START Extracted information
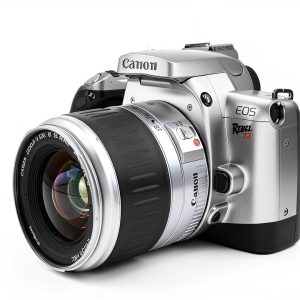 Canon Cameras US 35mm Autofocus SLR Camera-0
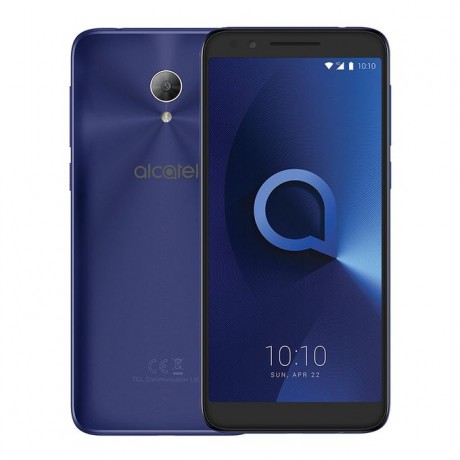 Alcatel 3L 5034D - 5.5-inch 16GB 4G Mobile Phone - Metallic Blue
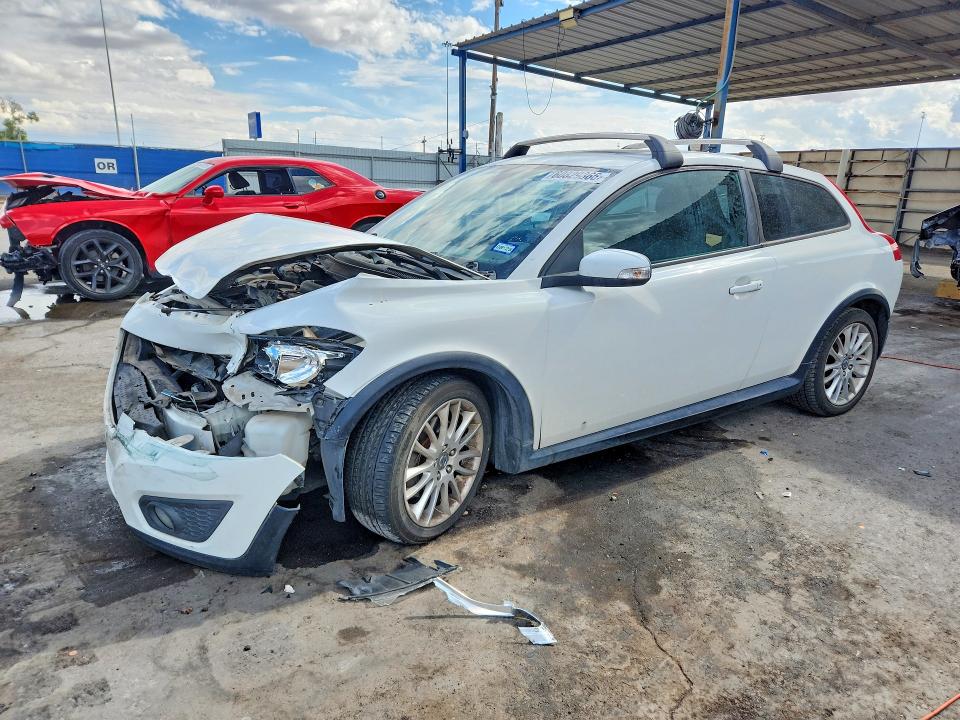 Продаж на аукціоні авто 2011 Volvo C30, vin: YV1672MK8B2198406, номер лоту: 60829366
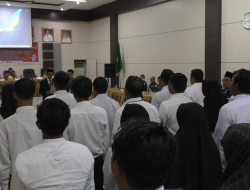 PPS Diminta Bekerja Sesuai Motto Jurdil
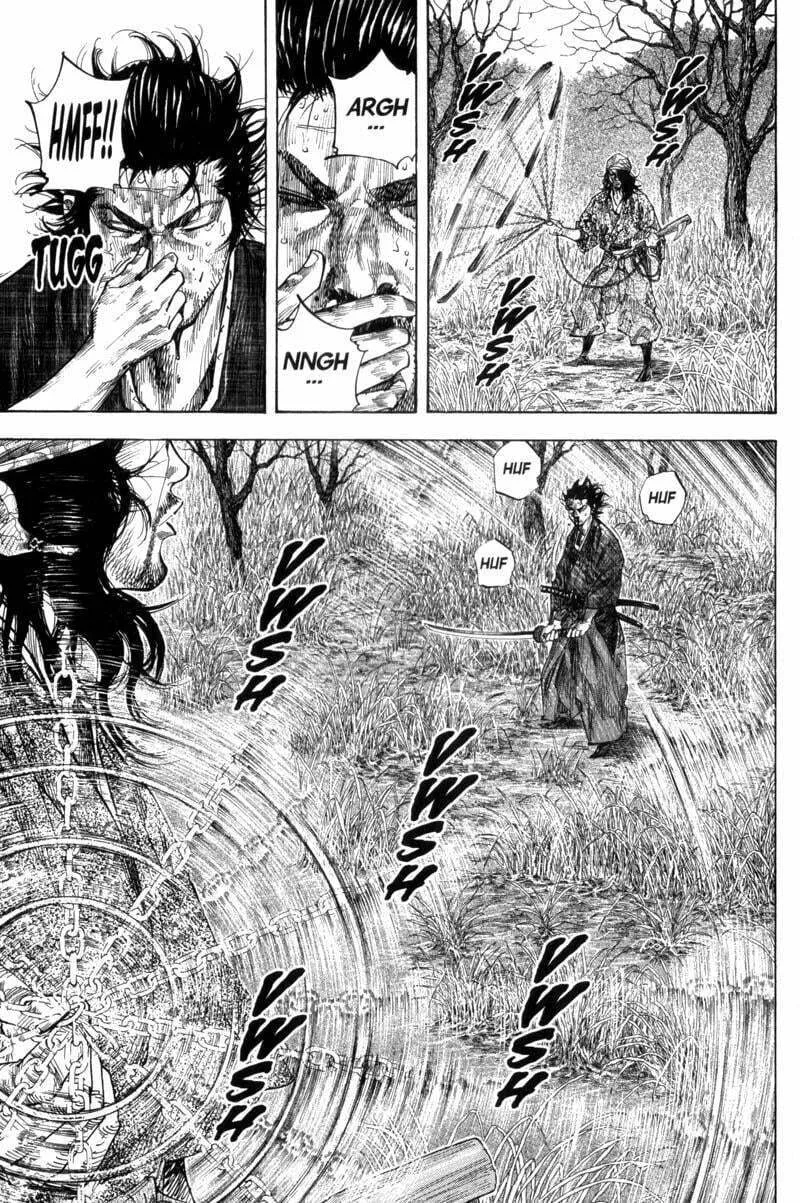 Vagabond Manga β Chapter 117 β Page 5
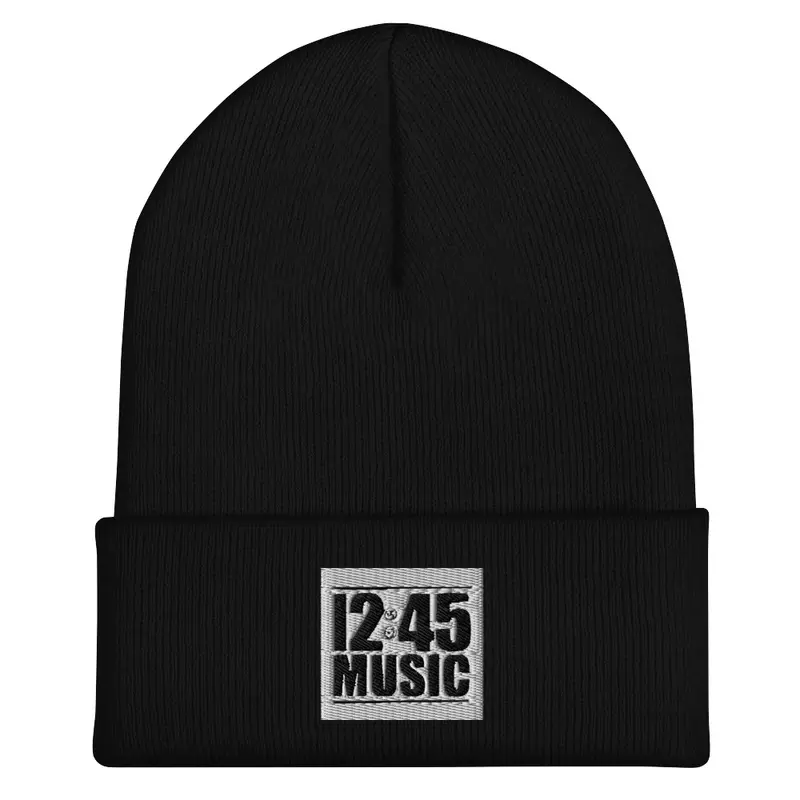 12:45 Beanie Hat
END Extracted information
- Your task: Your copy should match the data exactly, apart from the images, which are dropped.

- Solution to this exercise:
 Canon Cameras US 35mm Autofocus SLR Camera-0
 Alcatel 3L 5034D - 5.5-inch 16GB 4G Mobile Phone - Metallic Blue
 Продаж на аукціоні авто 2011 Volvo C30, vin: YV1672MK8B2198406, номер лоту: 60829366
 PPS Diminta Bekerja Sesuai Motto Jurdil
 Vagabond Manga β Chapter 117 β Page 5
 12:45 Beanie Hat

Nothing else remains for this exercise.